The Lamancha was slightly a butterball and I have had absolutely no problems with her health, except that she looks like she might have lost weight, which makes me think I'm not feeding them properly.

The Saanen has declined some and I'm pretty worried about her. I just ordered Cruz copper bolus and plan to give it to all three.

1. The Saanen's coat was rough when we got her. 
2. She looked pretty skinny to me, but being brand new to goats, I really didn't know for sure. My husband fell in love with her instead of with her sister, who looked a lot healthier to me!
3. Her teats are bulbous. She has bumps on one teat that look like milk ducts and they leak milk out of them. The other side of the teat feels thin at the top and it leaks. Here's a forum showing a teat similar: http://familycow.proboards.com/thread/53784
The other teat looks slightly swollen towards the bottom and is much harder to milk out. It also leaks like the skin is damaged or thin on one side. In her first week here, that teat was hot to the touch (not the udder). My husband tried to lift her out of the truck by himself and she stumbled and landed on the side of the udder that gave blood in the milk (about 4 days later). She's gone through three rounds of having blood first in the swollen teat and then just as that's clearing up, the other teat starts having blood in it. This last time (June 8-13), it was much less noticeable than the first time, when it tinted all of the milk.

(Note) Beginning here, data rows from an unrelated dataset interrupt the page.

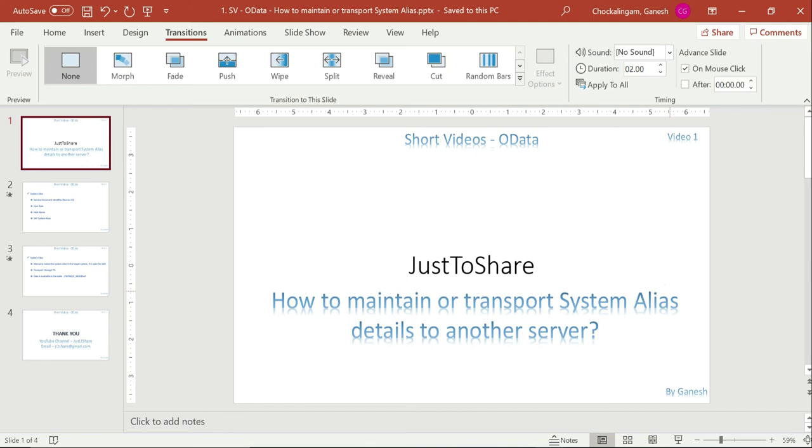Hello friends, this is Ganesh and video number 1 from OData short videos. So I recently started this kind of playlist, short videos in each stream - ABAP, CTS, OData, even in other areas as well. Whenever I just come across any short information to be shared that could be useful for you, I thought okay let's create a short video probably 10 minutes max or 12 to 15 minutes max, not more than that. It's a very simple concept and this one is the first video in OData servers.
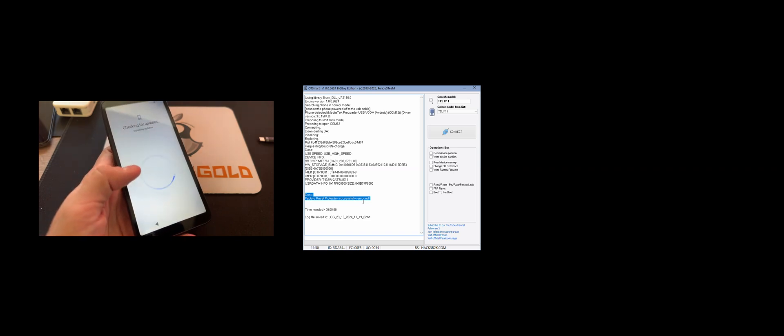Now we need to wait a little for the phone to check for updates and similar stuff.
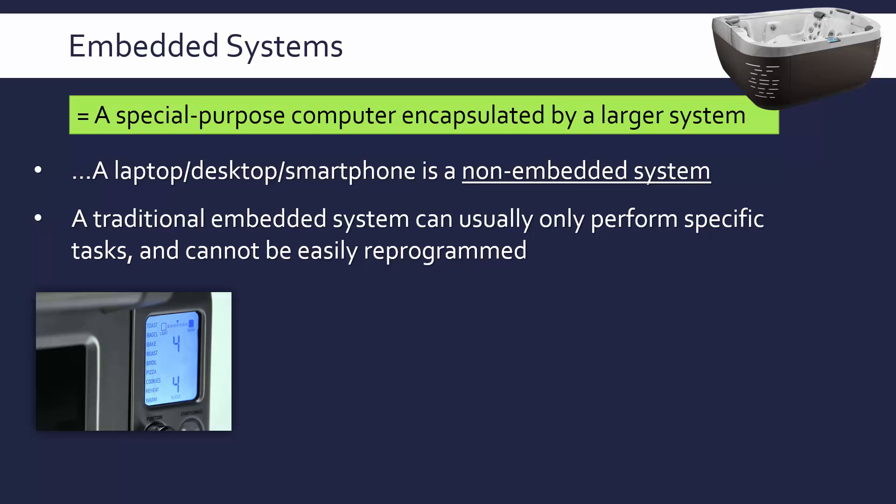The cheapest toaster hasn't really got a need to do much processing. Remember, we are talking about computers here. A computer takes some input, does some processing and gives some output. A very cheap toaster is just a heating element and some plastic, not really a computer. But a toaster which has a screen and can take more controls and can do things automatically could be considered an embedded system.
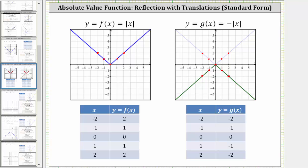In this video, we will graph an absolute value function that is a reflection as well as a translation of the basic absolute value function y equals the absolute value of x.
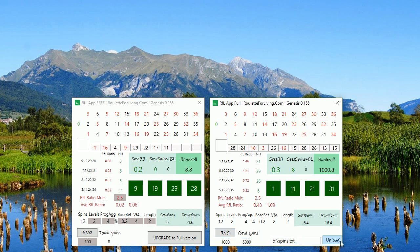Everything is included in the full version, including an option to upload your own spins if you like. This is how the full version works. I've already discounted it and it's a very acceptable, small price to upgrade — it's nothing huge. In case you would like to upgrade, you can just click the button and you'll receive a webpage where you can purchase the full version of the RFL App.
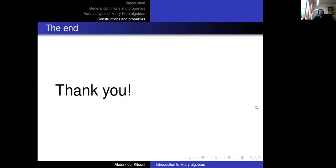That is all for today. Thank you very much for coming. If you have any questions, remarks, or would like to discuss, please don't hesitate.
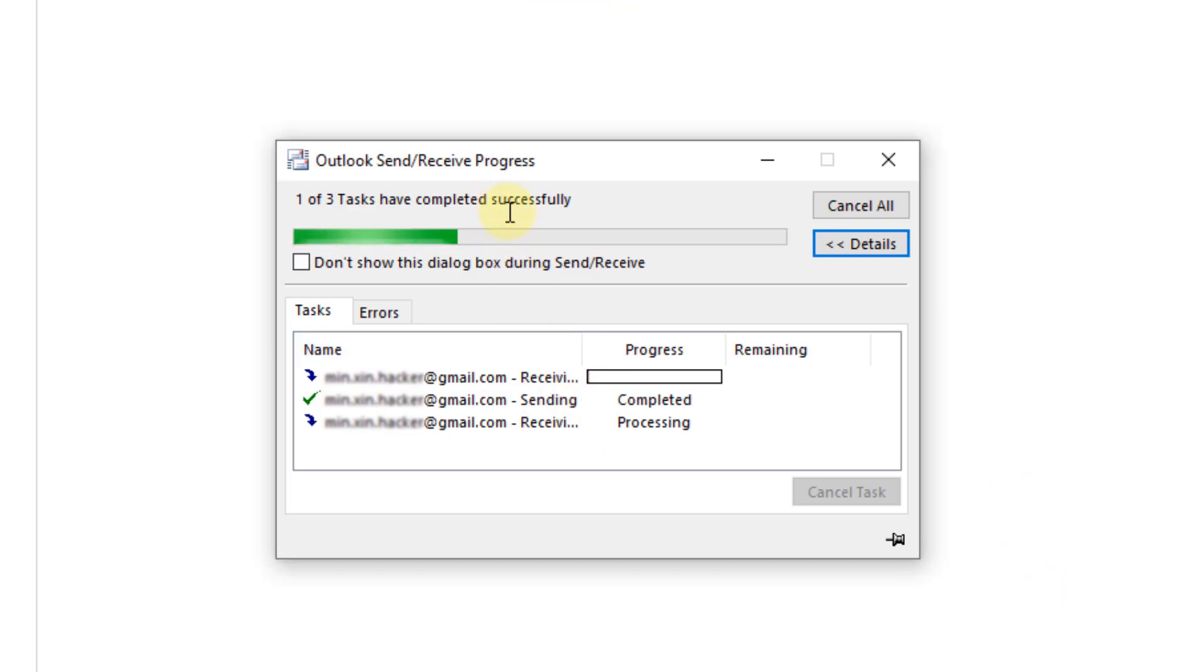Your email - your Gmail is now set up in Microsoft Outlook on your computer. Okay, now we're done. Thank you for watching this video.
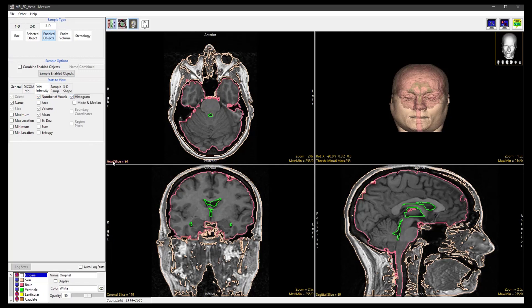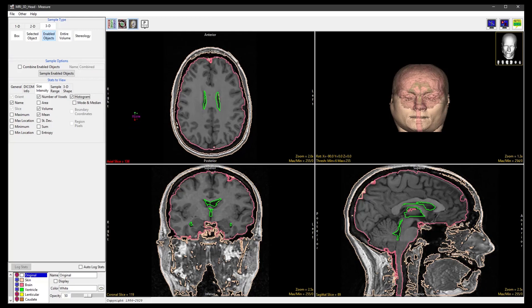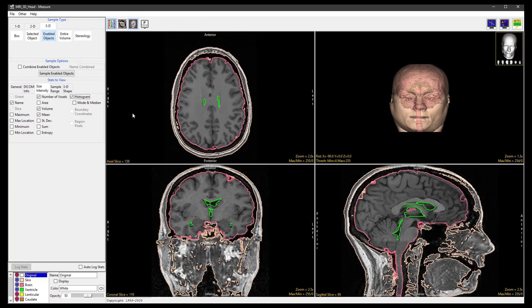In the axial orientation, select a slice that displays the upper brain near the ventricle region. We will only generate the histogram for a single object, so choose Selected Object and check the Auto Log Stats checkbox.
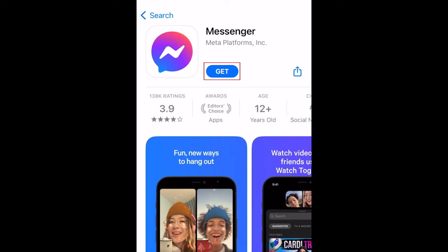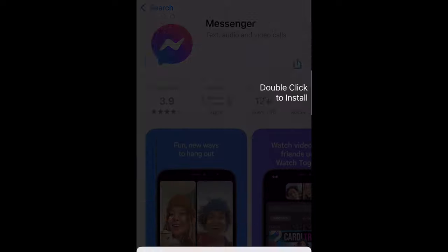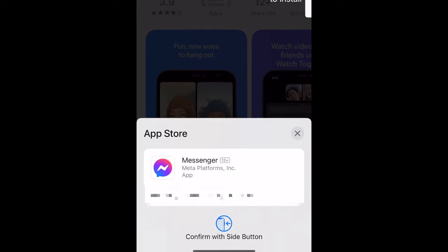Now tap Get to download the app for free. If prompted, enter your password, or use Touch ID or Face ID to confirm that you want to download the app.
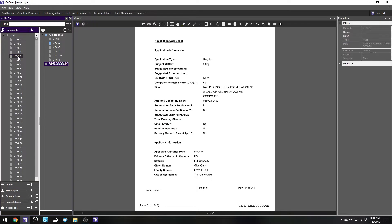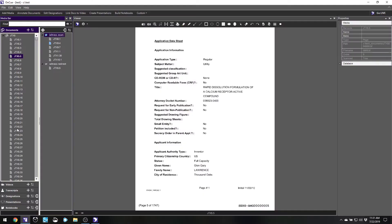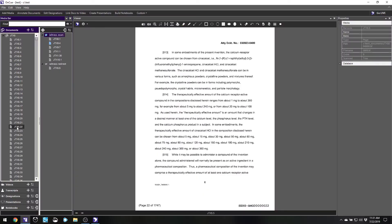If they pulled up JTX 5, page 5, I'm going to put that into my work notebook as well. If you're in Trial Director it's called the workbook, but the concept is the same. As we go through, anything they pull up, I'm going to have at the ready.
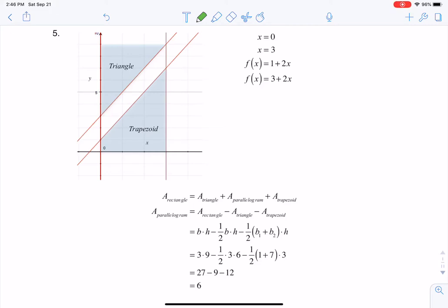Hey Math 31, I had a question on number 5 from section 4.2. The direction said find the area of a parallelogram bounded by the y-axis, the line x equals 3, the line f of x being 1 plus 2x, and the line parallel to f of x passing through (2, 7).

This time, I didn't know it until the milk sat for a couple of days and there was blood staining the bottom of the jar. 
4. I have heard about the eyelid color test to see if they have a worm load, but I honestly don't know what color is bright pink, medium pink, pale pink etc... If I were to guess, I would say hers are pale pink, which is a bad sign. I want to deworm her, but we don't have a separate area to keep her in separate, but next to the other goats. The dog yard that we used for the nubian is too small for her, in my opinion. I have given her a Vitamin B shot SQ, but I was worried about it. I squirted Vit C in her mouth. I tried to get her to eat probiotic powder, but she won't touch it.

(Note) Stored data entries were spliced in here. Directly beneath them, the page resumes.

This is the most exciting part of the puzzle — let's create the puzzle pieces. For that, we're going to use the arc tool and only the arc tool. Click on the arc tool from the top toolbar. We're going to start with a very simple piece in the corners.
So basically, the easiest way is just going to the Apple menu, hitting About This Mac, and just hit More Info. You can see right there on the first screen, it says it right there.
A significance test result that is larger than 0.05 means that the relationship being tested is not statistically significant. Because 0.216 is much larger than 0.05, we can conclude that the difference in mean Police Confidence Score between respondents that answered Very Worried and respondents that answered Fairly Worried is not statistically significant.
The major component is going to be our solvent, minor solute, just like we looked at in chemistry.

Please give me advice about the teat/udder issue and how to get them to overall health. I'm worried that I'm not feeding them properly.

Feeding:
1. They have a loose mineral mix made for goats, but it might be too cheap of a brand...it looks kind of generic. Red Edge Mineral Mix
2. I let them lick baking soda after giving them grain at milking time. 
3. They're getting a mix of things at milking time. I've tried various things (mainly because it sneaks up on me and I run out of stuff, so I have to throw something together). I know I'm supposed to switch slowly, but a couple times now I ran out of something and had to give something different. 
4. Currently, they are getting wet cob (which I just read can make them more copper deficient because of the high iron content). I try to mix with Goat Tender w/ kelp, but they hate it. I mix with Kountry Buffet, which also smells like it has molasses in it. They mostly nibble the corn out and leave the pellets.
5. I have done rolled oats/barley alone and they loved it. I soaked some things with apple cider vinegar and water, including black sunflower seeds and a little bit of peas, among other things. They liked it, but it made such a mess of the wooden feeding box (didn't drain it well enough, I guess). So far, they really don't like anything in pellet form. 
6. Grass hay, big armful twice a day, morning and evening.
7. I just started back in with alfalfa. While one goat is getting milked, the others are getting alfalfa and then I let them eat it a little longer afterward. I try to walk them around to eat blackberry and maple leaves, weeds etc...but we don't have enough fences up and I can't let them roam free because of the unfenced garden.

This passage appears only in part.